The PC thoughtpolice accused the Smithsonian Institution (SI) of "selling out", which is to say, only allowing the film screening because they were receiving $16,000 fee from the Discovery Institute (DI). SI's reaction was curious. SI wrote Mark Ryland, the director of DI's DC office, to distance itself from the film:
Upon further review, the Museum has determined that the content of the film is not consistent with the mission of the Smithsonian Institution’s scientific research. Due to this fact, we will, of course, honor the commitment made to provide space for the event to the Discovery Institute, but the museum will not participate or accept a donation for the event. (posted along with the Discovery Institute's take on the controversy: "Wonders of the Smithsonian")
"not consistent with the mission of the Smithsonian Institution’s scientific research" (despite having been vetted).
Credit SI for honoring its agreement with DI to show the film. But it is ironic that in order to avert a stain on its PC reputation, SI will be hosting the film screening free of charge! (Of course this "freebie" is courtesy of you and me, the American taxpayers. How easy it is to spend somebody else's money!)
From the Post article:
When asked if the Smithsonian had made a mistake in initially agreeing to host the event, spokesman Randall Kremer says: "We don't look at it in terms of whether we made a mistake or not. Our statement speaks for itself."

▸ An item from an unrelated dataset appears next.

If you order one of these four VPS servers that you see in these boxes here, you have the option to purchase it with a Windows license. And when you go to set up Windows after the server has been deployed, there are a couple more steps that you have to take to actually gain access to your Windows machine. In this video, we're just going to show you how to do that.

Could Bill Clinton have simulataneously wiggled and stonewalled better?
Denyse O'Leary at Post-Darwinist points out another irony: the aversion of old-guard biologists to even discussing ID is actually stimulating students to look into it (founding IDEA clubs—Intelligent Design and Evolution Awareness, etc.). Nothing so attractive as forbidden fruit!2
I think we're rapidly approaching that "tipping point" in any intellectual development, in which opposing the obvious becomes as futile as stopping an avalanche. Remember CBS's Rathergate and Newsweek's Korangate? Like the major media, scientists are merely destroying their credibility by vainly insisting there is no "man behind the curtain."
The linebacker is down. Before you know it everyone will be piling on.

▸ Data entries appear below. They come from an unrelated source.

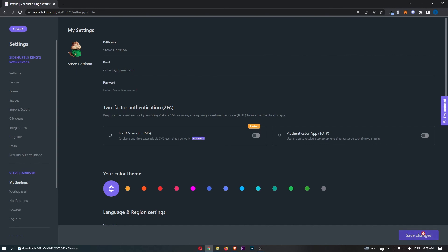You can see there we go. We can click Save. Now once that is done, click on Save Changes. As you can see, that is now saved, and that is how you can change your profile picture on ClickUp. Thank you.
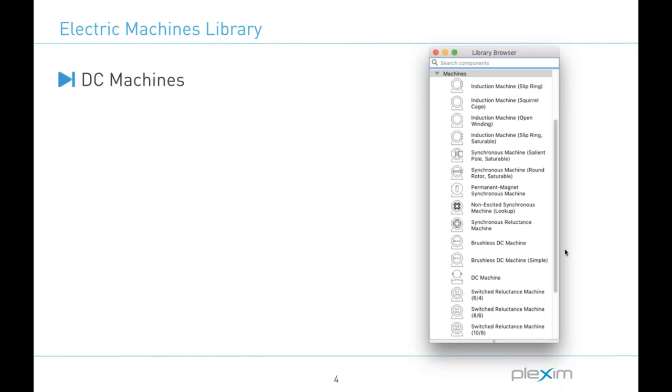So one category of machines in Plex are of course DC machines. These are by their very nature of not being excited by more common AC currents, say somewhat limited in their applications and yet are very prevalent in our daily lives. So this component here for example you can wire the field winding to be connected both in shunt and series with the armature winding.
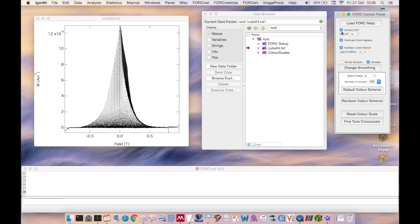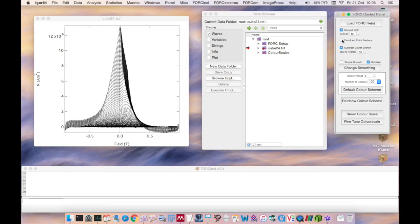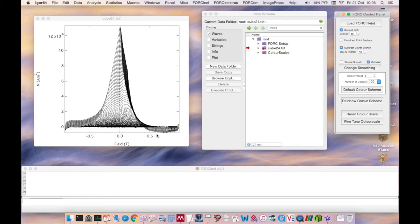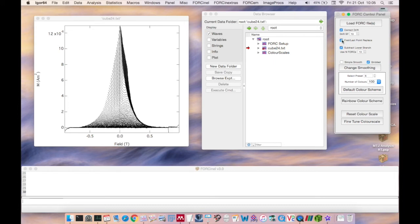So I recommend that drift correction and lower branch subtraction are performed routinely on every fork diagram. Whether or not to remove the first and last point depends very much on the individual measurement. In this case subtracting the lower branch has really highlighted the presence of a strong first and last point artifact in this dataset. So for this reason I would also recommend removing these points using the first last point replace checkbox.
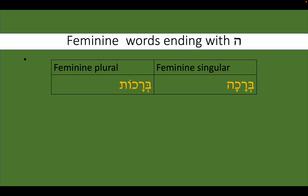Many feminine words will end with 'he,' and often the 'he' is dropped when changing to a plural form. Example: the word for blessing, bracha — in plural form, barachot.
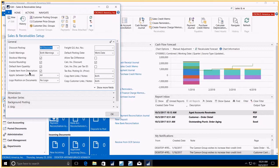Create item from description allows you to create a new item at the sales order for an item that you're entering in that is new and use the description that you're entering in order to be able to create that new item. You don't have to leave the sales order, go to the item master, create the item, come back to the sales order, and then continue on. The system will allow you to create it right there on the fly. Let's go see how these work.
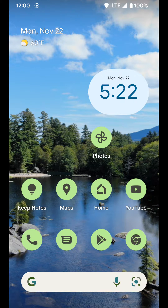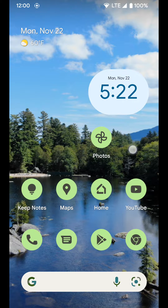Now I'm going to go over how you can change the baseline colors of your display on a Pixel device running Android 12. There are a couple different color settings you can choose for the display that will change how bright and vivid colors show up across the board on your device.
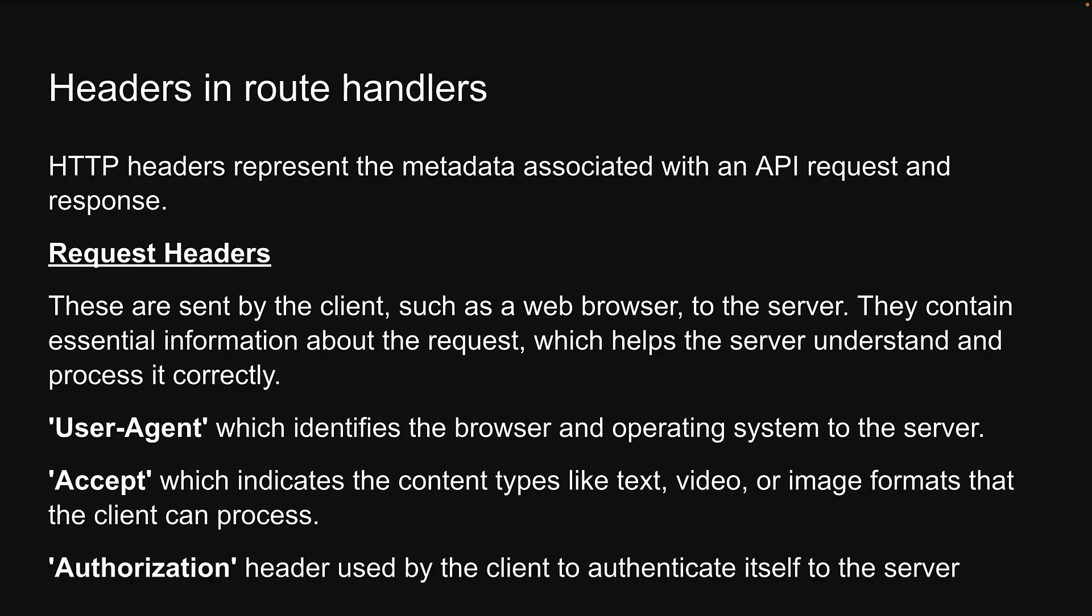Another common request header is the authorization header used by the client to authenticate itself to the server. It carries credentials, allowing controlled access to resources.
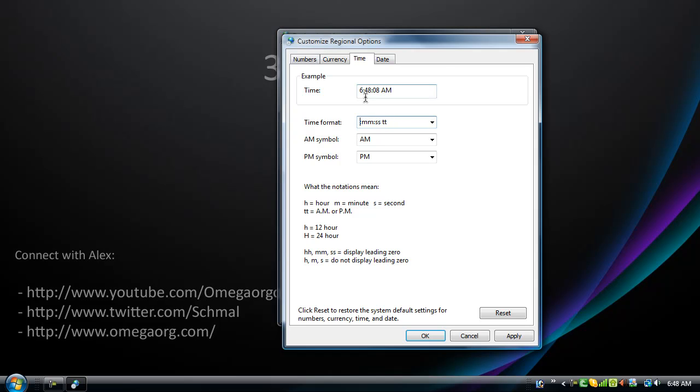However, because this is a tutorial showing you how to hack it, or customize it, I guess, make it look like you hacked it, we're just going to leave it normally. So, say it's AM, we're going to change this to, we're going to advertise 3Geek.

1. Interesting that the New York Times ran with the story before the more local Washington Post did. Perhaps this reflects the authority the Times still carries in the American journalistic hierarchy, as if the Gray Lady were the Church of Rome.
2. Another irony: this is the same sociological force that powered the success of Gibson's The Passion of the Christ.

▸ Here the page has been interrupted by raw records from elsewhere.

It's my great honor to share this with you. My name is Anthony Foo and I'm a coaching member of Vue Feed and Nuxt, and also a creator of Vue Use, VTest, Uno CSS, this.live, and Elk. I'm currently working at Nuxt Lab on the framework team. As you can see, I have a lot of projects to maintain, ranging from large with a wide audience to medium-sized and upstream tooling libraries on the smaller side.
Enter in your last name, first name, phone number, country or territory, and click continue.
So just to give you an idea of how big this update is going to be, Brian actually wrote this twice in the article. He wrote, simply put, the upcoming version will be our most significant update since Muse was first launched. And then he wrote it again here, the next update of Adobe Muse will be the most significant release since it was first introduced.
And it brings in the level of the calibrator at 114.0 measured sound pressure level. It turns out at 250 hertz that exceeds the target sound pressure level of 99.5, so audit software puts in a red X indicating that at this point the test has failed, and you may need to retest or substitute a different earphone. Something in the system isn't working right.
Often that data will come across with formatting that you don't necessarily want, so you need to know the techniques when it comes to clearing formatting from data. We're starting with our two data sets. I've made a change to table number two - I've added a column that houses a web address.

Steve Meyer, "The origin of biological information and the higher taxonomic categories," Proceedings of the Biological Society of Washington 117:2 (2004), 213-239.
John Schwartz, "Smithsonian to Screen a Movie That Makes a Case Against Evolution," New York Times (May 28, 2005).
UPI, "Smithsonian to screen anti-evolution film," Washington Post (May 29, 2005).
Tommy Nguyen, "Smithsonian Distances Itself From Controversial Film," Washington Post (June 2, 2005), C01.
David Klinghoffer, "The Branding of a Heretic: Are religious scientists unwelcome at the Smithsonian?" Opinion Journal (January 28, 2005).